Caption-style text data
· · · ·

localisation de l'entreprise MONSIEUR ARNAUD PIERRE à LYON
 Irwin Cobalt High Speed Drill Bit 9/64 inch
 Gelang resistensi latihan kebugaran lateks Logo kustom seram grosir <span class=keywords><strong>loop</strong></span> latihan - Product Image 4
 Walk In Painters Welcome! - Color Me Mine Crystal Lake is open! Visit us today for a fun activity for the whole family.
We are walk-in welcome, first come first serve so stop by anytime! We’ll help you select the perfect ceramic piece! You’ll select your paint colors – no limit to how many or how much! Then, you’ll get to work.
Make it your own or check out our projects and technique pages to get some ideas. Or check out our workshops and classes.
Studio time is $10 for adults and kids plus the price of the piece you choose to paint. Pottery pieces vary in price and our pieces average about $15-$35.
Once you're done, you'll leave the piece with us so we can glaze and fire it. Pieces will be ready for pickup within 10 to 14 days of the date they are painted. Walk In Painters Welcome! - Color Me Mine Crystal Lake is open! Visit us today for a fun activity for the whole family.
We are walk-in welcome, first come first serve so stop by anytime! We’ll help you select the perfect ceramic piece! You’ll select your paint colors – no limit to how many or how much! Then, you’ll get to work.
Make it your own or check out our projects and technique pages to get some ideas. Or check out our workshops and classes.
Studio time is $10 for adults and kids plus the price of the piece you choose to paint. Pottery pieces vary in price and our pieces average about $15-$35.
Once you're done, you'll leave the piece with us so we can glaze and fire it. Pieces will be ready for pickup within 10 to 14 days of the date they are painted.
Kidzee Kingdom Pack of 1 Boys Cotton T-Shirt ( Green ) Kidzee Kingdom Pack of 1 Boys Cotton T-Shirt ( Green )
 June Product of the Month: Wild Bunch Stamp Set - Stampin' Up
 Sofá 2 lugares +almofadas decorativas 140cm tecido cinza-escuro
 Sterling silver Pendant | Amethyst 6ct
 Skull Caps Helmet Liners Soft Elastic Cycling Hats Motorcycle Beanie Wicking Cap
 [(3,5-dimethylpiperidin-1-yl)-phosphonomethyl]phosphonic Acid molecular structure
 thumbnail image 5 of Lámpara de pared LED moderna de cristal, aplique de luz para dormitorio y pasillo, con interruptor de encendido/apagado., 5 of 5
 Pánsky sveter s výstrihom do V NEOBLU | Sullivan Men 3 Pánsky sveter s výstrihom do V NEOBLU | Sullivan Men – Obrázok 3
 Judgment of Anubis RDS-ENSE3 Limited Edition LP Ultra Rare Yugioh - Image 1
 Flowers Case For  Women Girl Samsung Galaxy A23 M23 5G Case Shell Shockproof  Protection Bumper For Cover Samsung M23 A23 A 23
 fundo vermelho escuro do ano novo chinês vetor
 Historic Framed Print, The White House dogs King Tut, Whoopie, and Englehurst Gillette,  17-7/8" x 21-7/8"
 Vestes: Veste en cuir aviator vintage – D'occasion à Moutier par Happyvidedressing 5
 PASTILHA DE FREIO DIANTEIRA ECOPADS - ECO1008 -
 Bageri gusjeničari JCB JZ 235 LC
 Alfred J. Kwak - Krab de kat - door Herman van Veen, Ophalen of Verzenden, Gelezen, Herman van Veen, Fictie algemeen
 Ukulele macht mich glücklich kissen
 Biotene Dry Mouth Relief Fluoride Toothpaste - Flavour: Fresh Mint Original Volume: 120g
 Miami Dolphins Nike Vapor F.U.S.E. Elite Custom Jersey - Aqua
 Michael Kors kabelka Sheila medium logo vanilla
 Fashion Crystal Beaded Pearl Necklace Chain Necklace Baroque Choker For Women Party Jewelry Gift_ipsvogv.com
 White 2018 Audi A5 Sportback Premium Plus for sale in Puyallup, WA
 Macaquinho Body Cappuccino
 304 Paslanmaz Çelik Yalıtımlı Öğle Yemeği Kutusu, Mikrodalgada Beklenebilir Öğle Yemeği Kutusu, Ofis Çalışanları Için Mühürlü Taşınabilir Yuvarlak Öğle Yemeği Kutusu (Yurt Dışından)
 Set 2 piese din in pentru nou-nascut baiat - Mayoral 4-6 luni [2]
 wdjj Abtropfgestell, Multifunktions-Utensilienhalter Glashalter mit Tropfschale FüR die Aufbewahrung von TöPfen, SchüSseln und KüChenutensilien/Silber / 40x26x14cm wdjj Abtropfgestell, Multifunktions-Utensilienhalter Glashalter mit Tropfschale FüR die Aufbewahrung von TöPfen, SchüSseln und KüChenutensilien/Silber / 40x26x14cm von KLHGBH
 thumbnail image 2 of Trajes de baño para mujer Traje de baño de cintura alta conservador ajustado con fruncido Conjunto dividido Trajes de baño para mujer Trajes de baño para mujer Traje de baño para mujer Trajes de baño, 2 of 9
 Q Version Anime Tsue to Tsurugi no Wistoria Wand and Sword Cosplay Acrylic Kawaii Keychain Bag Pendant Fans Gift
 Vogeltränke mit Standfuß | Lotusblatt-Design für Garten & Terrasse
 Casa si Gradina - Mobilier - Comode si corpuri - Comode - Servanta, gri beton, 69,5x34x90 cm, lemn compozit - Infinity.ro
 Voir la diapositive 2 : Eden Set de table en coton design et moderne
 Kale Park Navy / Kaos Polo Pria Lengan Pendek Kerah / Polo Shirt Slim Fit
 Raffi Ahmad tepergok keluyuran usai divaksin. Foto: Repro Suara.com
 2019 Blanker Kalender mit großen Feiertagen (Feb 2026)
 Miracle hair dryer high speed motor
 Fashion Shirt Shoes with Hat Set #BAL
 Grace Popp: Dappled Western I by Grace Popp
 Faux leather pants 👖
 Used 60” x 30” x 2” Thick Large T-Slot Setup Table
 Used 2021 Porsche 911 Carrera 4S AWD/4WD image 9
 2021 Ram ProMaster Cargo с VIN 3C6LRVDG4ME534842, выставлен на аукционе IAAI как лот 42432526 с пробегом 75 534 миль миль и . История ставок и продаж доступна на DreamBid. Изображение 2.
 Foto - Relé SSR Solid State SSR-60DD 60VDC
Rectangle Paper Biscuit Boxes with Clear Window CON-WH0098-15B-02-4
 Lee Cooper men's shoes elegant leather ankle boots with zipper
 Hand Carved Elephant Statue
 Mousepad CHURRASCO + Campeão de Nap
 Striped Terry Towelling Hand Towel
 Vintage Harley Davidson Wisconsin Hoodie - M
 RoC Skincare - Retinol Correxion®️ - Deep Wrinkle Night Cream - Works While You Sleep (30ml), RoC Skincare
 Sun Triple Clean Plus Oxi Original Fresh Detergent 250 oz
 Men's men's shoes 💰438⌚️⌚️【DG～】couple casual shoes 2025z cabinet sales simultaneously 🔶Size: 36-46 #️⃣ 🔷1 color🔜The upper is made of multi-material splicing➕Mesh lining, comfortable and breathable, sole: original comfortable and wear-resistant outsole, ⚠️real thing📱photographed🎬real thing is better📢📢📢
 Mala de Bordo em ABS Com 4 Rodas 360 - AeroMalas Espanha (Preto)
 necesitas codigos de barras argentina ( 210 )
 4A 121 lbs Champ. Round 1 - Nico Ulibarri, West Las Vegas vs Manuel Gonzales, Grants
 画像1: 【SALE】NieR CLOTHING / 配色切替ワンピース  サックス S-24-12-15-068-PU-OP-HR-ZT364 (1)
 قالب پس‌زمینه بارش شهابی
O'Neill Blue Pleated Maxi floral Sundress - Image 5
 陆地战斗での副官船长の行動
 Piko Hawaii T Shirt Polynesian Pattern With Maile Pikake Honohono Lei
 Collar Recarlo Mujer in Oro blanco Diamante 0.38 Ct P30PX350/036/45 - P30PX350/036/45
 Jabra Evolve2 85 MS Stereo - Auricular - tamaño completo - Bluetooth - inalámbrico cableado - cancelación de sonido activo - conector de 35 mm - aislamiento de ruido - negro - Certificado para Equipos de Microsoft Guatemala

· · · ·

#### [Work to be completed]
Print exactly the lines from the one containing "Vintage Harley Davidson Wisconsin Hoodie - M" through the last line of the records above, both included.

#### [Task solution]
 Vintage Harley Davidson Wisconsin Hoodie - M
 RoC Skincare - Retinol Correxion®️ - Deep Wrinkle Night Cream - Works While You Sleep (30ml), RoC Skincare
 Sun Triple Clean Plus Oxi Original Fresh Detergent 250 oz
 Men's men's shoes 💰438⌚️⌚️【DG～】couple casual shoes 2025z cabinet sales simultaneously 🔶Size: 36-46 #️⃣ 🔷1 color🔜The upper is made of multi-material splicing➕Mesh lining, comfortable and breathable, sole: original comfortable and wear-resistant outsole, ⚠️real thing📱photographed🎬real thing is better📢📢📢
 Mala de Bordo em ABS Com 4 Rodas 360 - AeroMalas Espanha (Preto)
 necesitas codigos de barras argentina ( 210 )
 4A 121 lbs Champ. Round 1 - Nico Ulibarri, West Las Vegas vs Manuel Gonzales, Grants
 画像1: 【SALE】NieR CLOTHING / 配色切替ワンピース  サックス S-24-12-15-068-PU-OP-HR-ZT364 (1)
 قالب پس‌زمینه بارش شهابی
O'Neill Blue Pleated Maxi floral Sundress - Image 5
 陆地战斗での副官船长の行動
 Piko Hawaii T Shirt Polynesian Pattern With Maile Pikake Honohono Lei
 Collar Recarlo Mujer in Oro blanco Diamante 0.38 Ct P30PX350/036/45 - P30PX350/036/45
 Jabra Evolve2 85 MS Stereo - Auricular - tamaño completo - Bluetooth - inalámbrico cableado - cancelación de sonido activo - conector de 35 mm - aislamiento de ruido - negro - Certificado para Equipos de Microsoft Guatemala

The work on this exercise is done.